March 30, 2006
The madness won't end
The Western Standard is being dragged before the Alberta Human Rights Commission for publishing the Mohammed cartoons. Ezra Levant is confident the case will be dismissed in the end, but I wouldn't put anything past a provincial human rights board, whose members must be salivating at the chance to stick it to one of Canada's few conservative publications. You can contribute towards the magazine's legal defence fund here.
Following the lead of Canadian bookstore chains who wouldn't stock the offending issue of the Western Standard, two major American booksellers are declining to carry the latest issue of a secular-humanist magazine, Free Inquiry, for the same reason:
Borders and Waldenbooks stores will not stock the April-May issue of Free Inquiry magazine because it contains cartoons of the Prophet Muhammad that provoked deadly protests among Muslims in several countries.
"For us, the safety and security of our customers and employees is a top priority, and we believe that carrying this issue could challenge that priority," Borders Group Inc. spokeswoman Beth Bingham said Wednesday.
The magazine, published by the Council for Secular Humanism in suburban Amherst, includes four of the drawings that originally appeared in a Danish newspaper in September, including one depicting Muhammad wearing a bomb-shaped turban with a lit fuse. [emphasis added] (via LGF)
And according to the Foundation for Individual Rights in Education, NYU is ordering a student group to seal from the public an event at which the dreaded cartoons will be shown:
Earlier this month, the NYU Objectivist Club decided to hold a panel discussion entitled “Free Speech and the Danish Cartoons,” at which the cartoons will be displayed. Similar events, sponsored by the Ayn Rand Institute (ARI), have taken place on several other campuses. Like previous NYU Objectivist Club events, the discussion was to be open to the public.

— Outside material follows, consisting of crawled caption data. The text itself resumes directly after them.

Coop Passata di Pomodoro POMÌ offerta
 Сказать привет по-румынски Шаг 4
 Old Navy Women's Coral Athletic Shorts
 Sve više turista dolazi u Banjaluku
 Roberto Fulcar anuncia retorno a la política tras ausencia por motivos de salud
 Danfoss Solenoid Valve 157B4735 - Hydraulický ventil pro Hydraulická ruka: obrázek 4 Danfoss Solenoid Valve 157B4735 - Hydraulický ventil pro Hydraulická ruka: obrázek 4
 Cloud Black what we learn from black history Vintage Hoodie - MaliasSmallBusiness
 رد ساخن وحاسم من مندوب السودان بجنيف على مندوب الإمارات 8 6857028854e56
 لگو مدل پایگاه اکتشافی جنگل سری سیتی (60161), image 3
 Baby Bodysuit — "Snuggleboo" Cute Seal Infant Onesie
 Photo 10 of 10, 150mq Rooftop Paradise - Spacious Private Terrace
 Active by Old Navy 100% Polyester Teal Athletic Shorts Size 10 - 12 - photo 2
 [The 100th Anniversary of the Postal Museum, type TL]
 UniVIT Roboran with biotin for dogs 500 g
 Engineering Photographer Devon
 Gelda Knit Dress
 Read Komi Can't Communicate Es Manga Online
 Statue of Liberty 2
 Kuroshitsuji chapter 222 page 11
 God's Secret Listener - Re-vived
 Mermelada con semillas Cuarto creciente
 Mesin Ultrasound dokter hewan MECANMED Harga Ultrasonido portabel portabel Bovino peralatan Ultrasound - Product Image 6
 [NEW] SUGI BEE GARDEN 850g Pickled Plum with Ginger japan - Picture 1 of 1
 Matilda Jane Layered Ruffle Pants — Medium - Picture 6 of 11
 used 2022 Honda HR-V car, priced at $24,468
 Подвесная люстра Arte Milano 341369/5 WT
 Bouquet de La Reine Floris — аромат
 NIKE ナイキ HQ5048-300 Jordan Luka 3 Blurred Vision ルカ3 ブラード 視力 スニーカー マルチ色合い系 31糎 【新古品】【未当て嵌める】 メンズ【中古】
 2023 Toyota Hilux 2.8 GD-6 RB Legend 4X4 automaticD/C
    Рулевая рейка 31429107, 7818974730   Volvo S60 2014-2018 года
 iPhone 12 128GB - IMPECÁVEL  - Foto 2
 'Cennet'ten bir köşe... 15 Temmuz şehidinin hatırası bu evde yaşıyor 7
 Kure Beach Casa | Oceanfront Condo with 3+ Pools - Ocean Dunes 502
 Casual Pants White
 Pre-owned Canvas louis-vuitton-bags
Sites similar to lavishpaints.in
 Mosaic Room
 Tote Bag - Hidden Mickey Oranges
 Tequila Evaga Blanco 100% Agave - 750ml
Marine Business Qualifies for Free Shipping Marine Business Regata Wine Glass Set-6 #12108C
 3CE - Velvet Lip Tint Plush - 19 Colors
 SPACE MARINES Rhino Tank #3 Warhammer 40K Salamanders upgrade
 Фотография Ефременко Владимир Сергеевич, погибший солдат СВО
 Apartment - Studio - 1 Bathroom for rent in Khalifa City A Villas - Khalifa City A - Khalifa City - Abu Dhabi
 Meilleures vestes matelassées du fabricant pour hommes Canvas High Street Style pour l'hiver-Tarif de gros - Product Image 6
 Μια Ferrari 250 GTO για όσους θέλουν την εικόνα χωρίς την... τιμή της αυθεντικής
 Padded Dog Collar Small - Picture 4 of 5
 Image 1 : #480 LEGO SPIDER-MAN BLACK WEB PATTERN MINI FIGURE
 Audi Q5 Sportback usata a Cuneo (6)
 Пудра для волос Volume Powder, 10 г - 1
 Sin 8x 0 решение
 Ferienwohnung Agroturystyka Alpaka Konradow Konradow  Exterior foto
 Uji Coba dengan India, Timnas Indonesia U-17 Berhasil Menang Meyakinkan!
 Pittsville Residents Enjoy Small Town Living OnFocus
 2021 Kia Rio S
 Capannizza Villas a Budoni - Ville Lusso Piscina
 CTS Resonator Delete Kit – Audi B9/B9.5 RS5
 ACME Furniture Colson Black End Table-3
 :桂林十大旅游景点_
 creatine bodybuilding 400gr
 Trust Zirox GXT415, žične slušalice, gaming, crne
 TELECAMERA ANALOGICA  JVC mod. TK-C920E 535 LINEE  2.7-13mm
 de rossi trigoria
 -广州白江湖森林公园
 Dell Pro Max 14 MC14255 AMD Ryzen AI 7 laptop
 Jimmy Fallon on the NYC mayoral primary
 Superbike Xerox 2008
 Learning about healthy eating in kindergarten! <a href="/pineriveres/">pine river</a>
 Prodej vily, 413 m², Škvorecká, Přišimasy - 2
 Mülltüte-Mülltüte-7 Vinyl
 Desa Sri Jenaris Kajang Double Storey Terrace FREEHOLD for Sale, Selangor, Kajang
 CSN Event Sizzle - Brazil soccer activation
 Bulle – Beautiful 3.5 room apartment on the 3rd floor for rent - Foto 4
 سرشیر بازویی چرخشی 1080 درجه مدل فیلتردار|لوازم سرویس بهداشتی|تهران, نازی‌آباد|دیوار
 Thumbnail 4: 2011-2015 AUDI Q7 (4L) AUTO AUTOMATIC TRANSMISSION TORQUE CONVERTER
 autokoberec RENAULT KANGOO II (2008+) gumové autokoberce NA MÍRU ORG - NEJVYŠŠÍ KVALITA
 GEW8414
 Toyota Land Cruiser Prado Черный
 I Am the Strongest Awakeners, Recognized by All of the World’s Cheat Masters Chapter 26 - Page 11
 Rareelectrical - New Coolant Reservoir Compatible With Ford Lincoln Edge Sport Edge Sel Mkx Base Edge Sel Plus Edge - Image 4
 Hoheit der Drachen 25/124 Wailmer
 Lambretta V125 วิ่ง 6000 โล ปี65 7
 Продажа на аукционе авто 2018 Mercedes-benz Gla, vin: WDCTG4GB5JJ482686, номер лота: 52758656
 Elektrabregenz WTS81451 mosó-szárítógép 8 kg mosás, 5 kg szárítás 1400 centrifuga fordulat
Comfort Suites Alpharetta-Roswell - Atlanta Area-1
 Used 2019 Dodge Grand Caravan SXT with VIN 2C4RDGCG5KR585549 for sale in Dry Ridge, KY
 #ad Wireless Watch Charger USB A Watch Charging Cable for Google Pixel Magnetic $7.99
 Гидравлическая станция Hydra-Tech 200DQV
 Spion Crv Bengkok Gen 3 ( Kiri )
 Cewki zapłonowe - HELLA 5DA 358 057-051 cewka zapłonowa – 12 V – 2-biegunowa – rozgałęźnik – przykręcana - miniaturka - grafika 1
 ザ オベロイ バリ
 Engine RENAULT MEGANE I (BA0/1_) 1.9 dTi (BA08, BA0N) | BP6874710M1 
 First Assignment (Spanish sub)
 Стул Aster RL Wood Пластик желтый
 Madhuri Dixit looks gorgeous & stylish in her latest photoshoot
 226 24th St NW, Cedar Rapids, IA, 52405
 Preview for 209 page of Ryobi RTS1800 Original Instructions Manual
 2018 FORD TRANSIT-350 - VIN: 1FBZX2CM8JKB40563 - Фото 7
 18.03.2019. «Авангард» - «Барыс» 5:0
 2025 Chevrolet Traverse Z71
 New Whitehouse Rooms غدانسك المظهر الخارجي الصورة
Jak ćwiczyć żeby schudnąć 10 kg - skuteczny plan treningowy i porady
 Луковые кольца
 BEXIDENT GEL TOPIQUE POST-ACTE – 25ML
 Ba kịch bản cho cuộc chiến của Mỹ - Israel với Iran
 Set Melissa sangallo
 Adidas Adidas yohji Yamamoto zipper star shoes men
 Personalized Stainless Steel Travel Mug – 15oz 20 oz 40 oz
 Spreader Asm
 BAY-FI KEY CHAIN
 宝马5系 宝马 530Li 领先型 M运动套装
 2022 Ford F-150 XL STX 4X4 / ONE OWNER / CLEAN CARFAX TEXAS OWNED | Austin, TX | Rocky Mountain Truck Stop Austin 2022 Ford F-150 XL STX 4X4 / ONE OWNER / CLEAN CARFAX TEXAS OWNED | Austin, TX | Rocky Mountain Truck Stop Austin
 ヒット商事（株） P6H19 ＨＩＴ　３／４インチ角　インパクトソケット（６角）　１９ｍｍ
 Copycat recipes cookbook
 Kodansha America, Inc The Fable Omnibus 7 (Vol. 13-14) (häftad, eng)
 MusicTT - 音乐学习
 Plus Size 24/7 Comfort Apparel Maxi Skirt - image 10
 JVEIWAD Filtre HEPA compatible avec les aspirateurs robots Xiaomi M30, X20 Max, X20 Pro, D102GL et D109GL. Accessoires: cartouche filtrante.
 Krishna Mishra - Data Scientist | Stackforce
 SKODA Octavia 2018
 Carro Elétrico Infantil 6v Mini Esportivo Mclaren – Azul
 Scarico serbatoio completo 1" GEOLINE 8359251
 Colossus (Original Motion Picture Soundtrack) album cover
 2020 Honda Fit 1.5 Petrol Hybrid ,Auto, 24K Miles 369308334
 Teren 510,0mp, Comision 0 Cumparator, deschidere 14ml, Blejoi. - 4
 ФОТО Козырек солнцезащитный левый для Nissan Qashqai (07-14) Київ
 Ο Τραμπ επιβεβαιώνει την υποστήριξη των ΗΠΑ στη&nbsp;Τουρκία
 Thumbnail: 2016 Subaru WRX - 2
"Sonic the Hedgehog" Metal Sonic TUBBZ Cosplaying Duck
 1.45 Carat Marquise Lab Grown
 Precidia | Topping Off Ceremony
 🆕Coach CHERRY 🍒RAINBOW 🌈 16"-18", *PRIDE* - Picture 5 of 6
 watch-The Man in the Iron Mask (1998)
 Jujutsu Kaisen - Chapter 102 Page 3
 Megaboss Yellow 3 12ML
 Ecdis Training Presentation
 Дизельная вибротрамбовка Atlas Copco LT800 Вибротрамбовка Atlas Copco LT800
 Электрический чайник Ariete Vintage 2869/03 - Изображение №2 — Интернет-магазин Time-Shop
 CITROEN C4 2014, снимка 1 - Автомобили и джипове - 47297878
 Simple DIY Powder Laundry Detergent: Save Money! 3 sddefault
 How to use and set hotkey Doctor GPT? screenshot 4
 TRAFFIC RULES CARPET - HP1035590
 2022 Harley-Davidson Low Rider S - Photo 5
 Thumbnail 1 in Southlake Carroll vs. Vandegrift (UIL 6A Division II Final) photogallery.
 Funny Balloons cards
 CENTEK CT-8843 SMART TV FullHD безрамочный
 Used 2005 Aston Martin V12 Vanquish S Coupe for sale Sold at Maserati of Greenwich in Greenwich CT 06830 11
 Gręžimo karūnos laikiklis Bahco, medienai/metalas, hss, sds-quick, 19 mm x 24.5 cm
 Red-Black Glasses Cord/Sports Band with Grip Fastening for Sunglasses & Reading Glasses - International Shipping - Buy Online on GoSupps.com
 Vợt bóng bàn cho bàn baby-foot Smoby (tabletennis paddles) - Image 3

However, on Monday afternoon, NYU Director of Student Activities Robert Butler sent an e-mail requesting a meeting with the leaders of the Objectivist Club the next day. He also informed them that NYU would now “require that this event be open only to members of the NYU community.” Butler cited “the campus climate and controversy surrounding the cartoons,” ordering the students to inform the “non-NYU people” who had already registered that they “should not plan on attending.” He concluded, “This is not negotiable.”
Following the meeting, Butler sent another e-mail clarifying that the students have two choices: they must either not display the cartoons, or not allow anyone from off campus to attend the event. Approximately 150 off-campus guests are currently registered to attend. (via The Volokh Conspiracy)
Our commitment to freedom of expression is being challenged, and our universities and bookstores - who you'd think would have a particular interest in making sure this precious right is protected - are falling over themselves to surrender.